To fulfill their commitment, manufacturers must attest the AEB system on their vehicles meets certain performance standards. The forward collision warning feature must meet a subset of NHTSA’s current requirements on the timing of driver alerts. The AEB must either be able to slow the vehicle by at least 10 mph in one of two tests conducted at 12 and 25 mph or by 5 mph at both speeds---the level of performance needed for an advanced rating in the IIHS’s original vehicle-to-vehicle front crash prevention evaluation.

“Thanks to this cooperation, automakers made this safety feature standard equipment years before there was a legal mandate requiring them to do so,” Harkey said. “Now that a regulation is on the horizon, the progress that we’ve made will be set in stone and expanded on to generate even bigger benefits.”

NHTSA unveiled a proposal May 31 to require all new passenger vehicles, trucks and buses with a gross vehicle weight rating of 10,000 pounds or less to have AEB capable of braking to fully avoid a crash with another vehicle at up to 50 mph, with a four-year grace period from the date the eventual rule is adopted. If the regulation is adopted in its present form, vehicles will also have to be able to stop for pedestrians from speeds up to 40 mph, and the pedestrian detection will have to work in dark conditions---a requirement for which IIHS had petitioned.

In June, the agency proposed a regulation that would mandate AEB capable of preventing crashes with other vehicles for trucks and buses with a gross vehicle weight rating of more than 10,000 pounds.

Pedestrian detection has been part of IIHS award criteria for several years running, and, as of 2023, a nighttime test was added to the battery of evaluations needed for TOP SAFETY PICK+. Next year, the IIHS plans to introduce a higher-speed vehicle-to-vehicle AEB test that involves motorcycle and large truck targets as well as passenger cars.

Consumer Reports currently awards additional points to a vehicle’s Overall Score for models that have AEB with pedestrian detection as standard equipment and for AEB that operates at highway speeds. In order to be named a CR Top Pick, a vehicle must have both.

Under the commitment, automakers have slightly longer to meet the 95% threshold when vehicles with manual transmissions and heavier vehicles are included in the calculation. By the production year that begins Sept. 1, 2024, automakers will need to equip 95% of all their light vehicles, whether automatic or manual, with AEB. By the production year beginning Sept. 1, 2025, they will need to meet the threshold for their entire production volume, including those vehicles in the 8,500-10,000 pound category.

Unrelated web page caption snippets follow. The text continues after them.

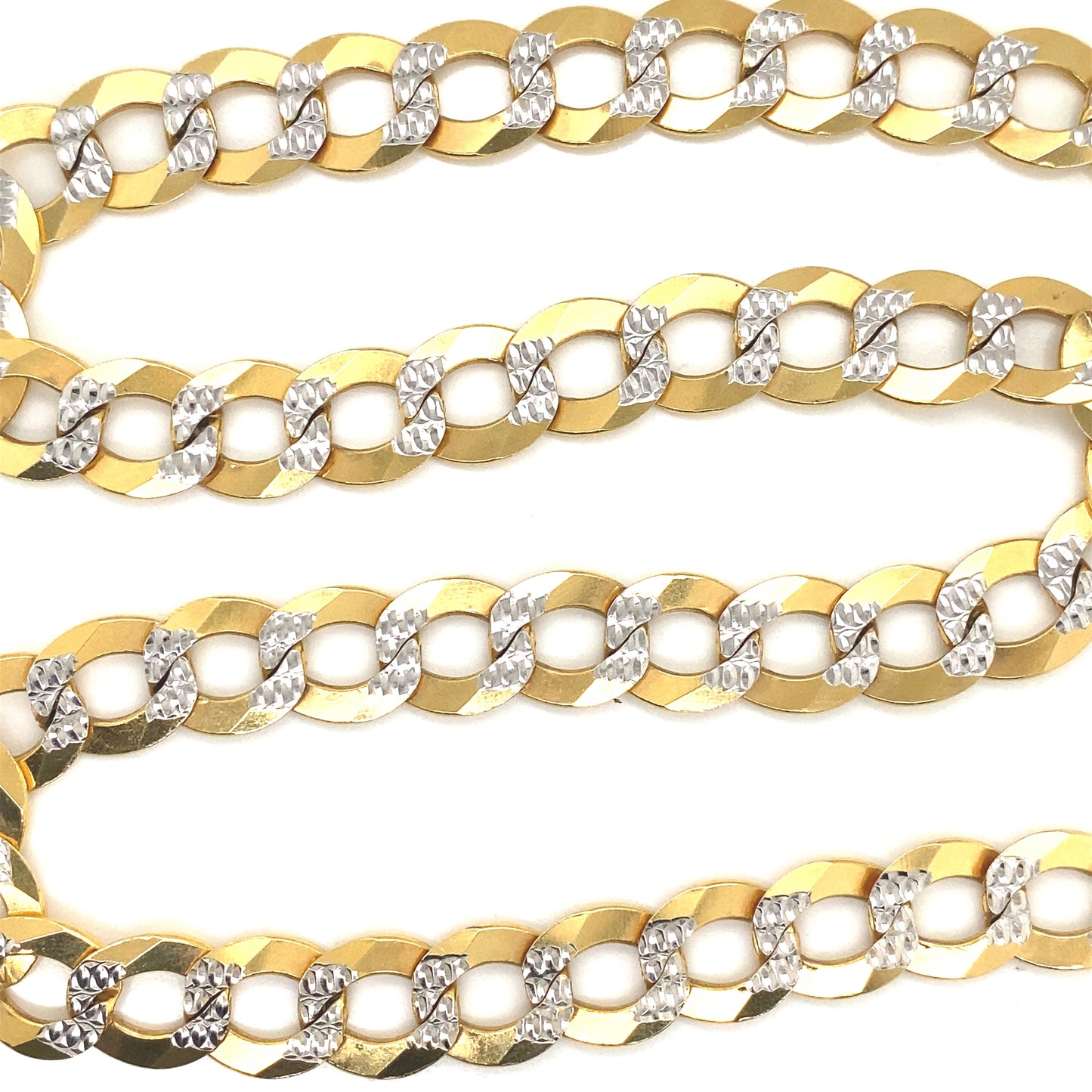 12MM Two-Tone Curb Cuban Chain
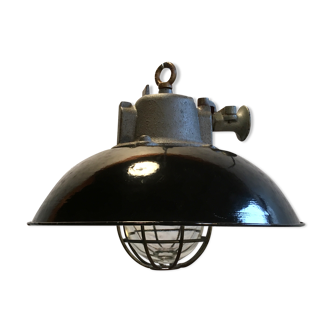 Black Enamel & Cast Iron Industrial Cage Pendant Lamp, 1950s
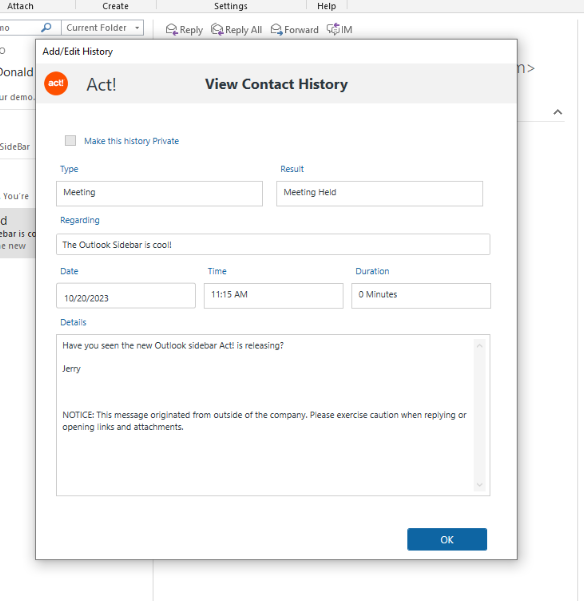 Act! Premium v25.2: Introducing Act! Sidebar for Outlook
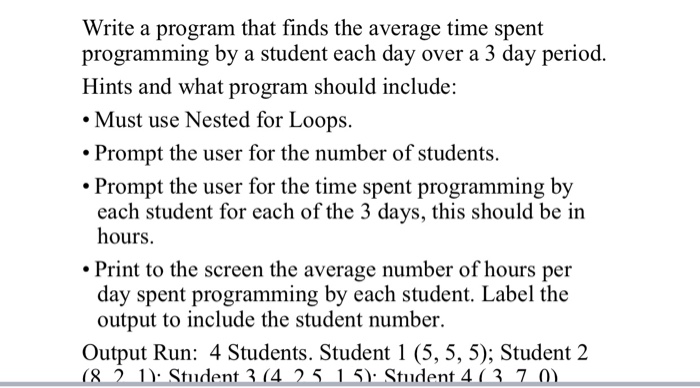  In C++ Write a program that finds the average time spent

They are well on the way. More than three-quarters of the automakers already meet the 95% threshold with manual-transmission vehicles included in their production totals.

Four of the five automakers that produce 8,500-10,000 pound vehicles for the U.S. market---Ford, General Motors, Mercedes-Benz and Nissan---already meet the threshold with those heavier vehicles included. Stellantis is closing in on the target.

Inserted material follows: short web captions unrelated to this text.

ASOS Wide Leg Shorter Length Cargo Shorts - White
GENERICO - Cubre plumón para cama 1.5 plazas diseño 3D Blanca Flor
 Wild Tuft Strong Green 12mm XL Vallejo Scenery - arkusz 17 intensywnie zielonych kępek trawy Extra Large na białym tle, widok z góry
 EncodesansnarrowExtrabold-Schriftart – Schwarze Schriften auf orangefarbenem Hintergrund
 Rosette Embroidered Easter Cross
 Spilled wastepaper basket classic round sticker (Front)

Some manufacturers are reaching the overall benchmark while still leaving many of their 8,500-10,000 pound vehicles unequipped, however. So far, only Mercedes-Benz and Nissan have equipped all of their 8,500-10,000 pound vehicles with AEB, while Ford has equipped 78% and General Motors just 6%. Stellantis, which has yet to reach the 2025 goal, has equipped 47%.

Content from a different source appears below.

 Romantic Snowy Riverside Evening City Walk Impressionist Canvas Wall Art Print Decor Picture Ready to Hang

“We urge the automakers with heavier vehicles to make AEB standard right away,” said Wallace. “Whether you buy a small sedan or a large pickup, everyone should have the protection that AEB provides on the road.”

IIHS expects the voluntary commitment to prevent 42,000 crashes and 20,000 injuries by 2025. The estimate is based on IIHS research that found front crash prevention systems with both forward collision warning and automatic emergency braking cut rear-end crashes by half.